# A couple of prototype pics



## Nevadablue (Nov 18, 2013)

Both of my wife's grandfathers in neat old pics. 










I'm going to build a G Scale replica of the station. The pic was taken at his gas station sometime in the '30s. 










We think this one was taken in about '83. Grandpa was about 83 then. Gotta make a figure of him too.


----------



## David Leech (Dec 9, 2008)

Do you know where the gas station was?
Great photo.
All the best,
David Leech, Delta, Canada


----------



## Nevadablue (Nov 18, 2013)

All we know about the station is that it was somewhere around Canton, Ohio.


----------



## Ray Dunakin (Jan 6, 2008)

Neat pics.
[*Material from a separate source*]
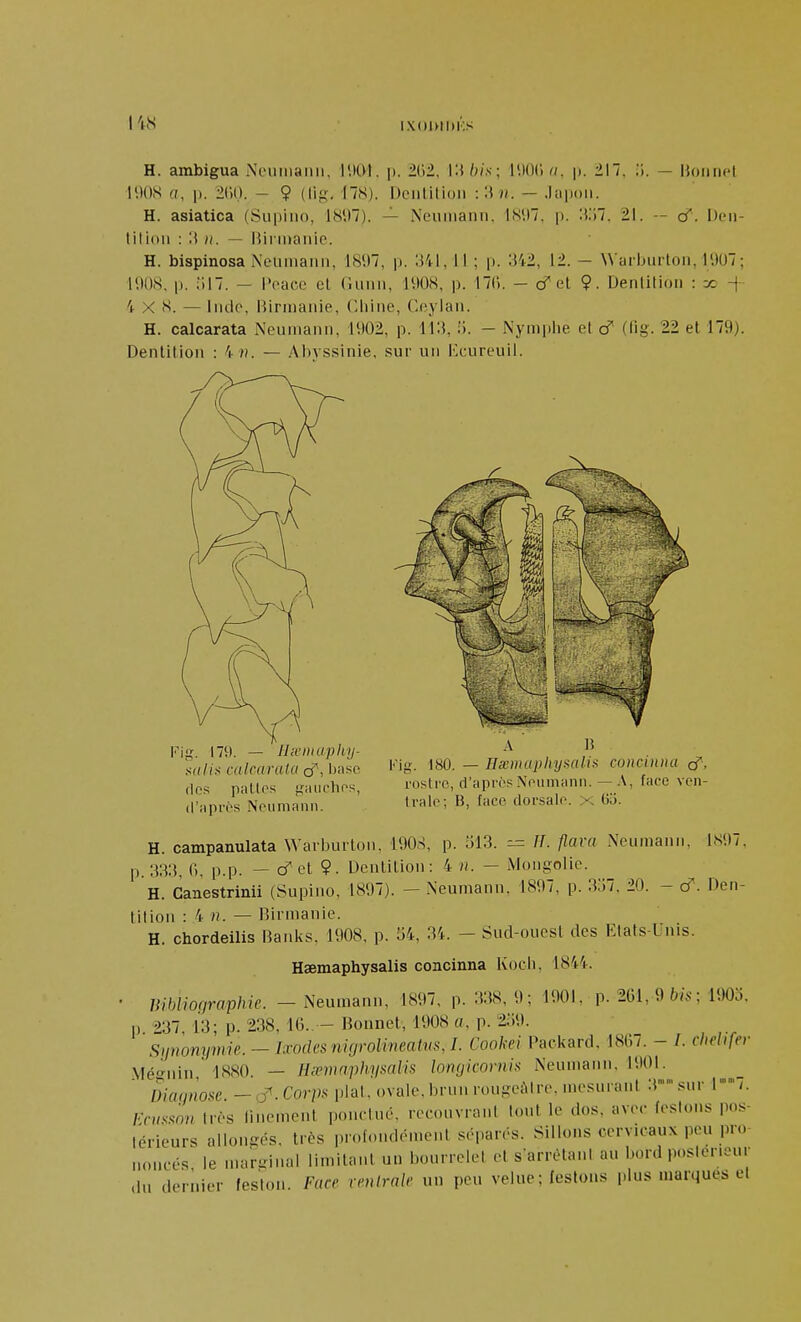 libi ixoiniiKs H. ambigua iXeumaiiii, lUOI. p. 2(12, i:{ W,s; lyOC) a, p. 217. :;. — Hoiinel l'.)()S a, p. 2(10. - Ç (lif;-. 178). Dciilitioii -.Wn. — .la|)oii. H. asiatica (Supiiio, 181)7). — Neiiiiiaiiii. 1S',)7. p. 'X'~i, 21. -- cf. Den- tition : 3 /(. — liirnianie. H. bispinosa Ncuiriann, 1897, p. Il ; p. 342, 12. — Waihiirlon, l'.)U7; H)U8, p. ;ii7. — iVacc et Gnnn, 1VI08, p. 170. - cT et 9. Dentition : y: -| 4 X S. — Inde, l^innanie, Cliine, Geylan. H. calcarata Neumann, 1902, p. li:$, 5. - Nymiilie et cT (lig. 22 et 179). Dentition : 4 /(. — Al^vssinie, sur un l'kureuil. lig. 179. — Iheiiiaphy- .sf(//.s calcarata cTi 'Jfise dos patios lîîiurhos, (l'iipros Noumann. A B l-'ig. 180. — Hx)napliysali>i concinna cT, rostre, d'après Noumann. — A, face ven- trate; B, face dorsale, x (iii. H. campanulata Wari)urlon. 190S, p. yl3. --= II. flara Neumann, 1897. \).:m, <), p.p. — cTet 9. Dentition: 4 n. — Mongolie. H. Ganestrinii (Supino, 1897). - Neumann. 1897, p. 3;i7. 20. - cf. Den- tition : 4 n. — Birmanie. H. chordeilis RanIvS. 1908, p. 54, 34. - Sud-ouest des Etats-Unis. Haemaphysalis concinna Kocii. 1844. Uiblworaphie. - Neumann, 1897, p. 338, 9; 1901, p. 261, 9 ; 190j. p 237 13; p. 238, IG.. - Bonnet, 1908 a, p. 2o9. Siinonymie. - lavdcs nkjrolineatm, I. Cookei Packard. 18(Î7. - /. chelifev .Méiinin, 1880. — Hipmaphysalifi lomjicovnis Neumann, 1901. Dicumose — cf. Corpx [ilal, ovale, brnn rougeàlre, mesurant 3.«^ur l'' /. Fhm très linemenl ponctué, recouvrant tout le dos, avec (estons pos- térieurs allongés, très i)rofond(Mnent séparés. Sillons cervicaux peu pro- noncés le marijinal limilanl un bourrelet et s arrètanl au l>ord posler.eur du dernier feston. Face renirale un peu velue ; festons plus marques et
I like that old truck.


----------



## pete (Jan 2, 2008)

Nice looking pictures. I live in canton ohio, don't know if I can help out or not the picture of the gas station looks to be out of the city. There use to be a gas station on rt42 between canton and Waynesburg as I remember that looked a little like it.


----------



## Nevadablue (Nov 18, 2013)

Wow Pete, it would be amazing if it were still there. If you get out that way and see it, please take some pictures!


----------



## pete (Jan 2, 2008)

I cannot promise but I will try to get down there this week.


----------



## pete (Jan 2, 2008)

What was his first and last name.


----------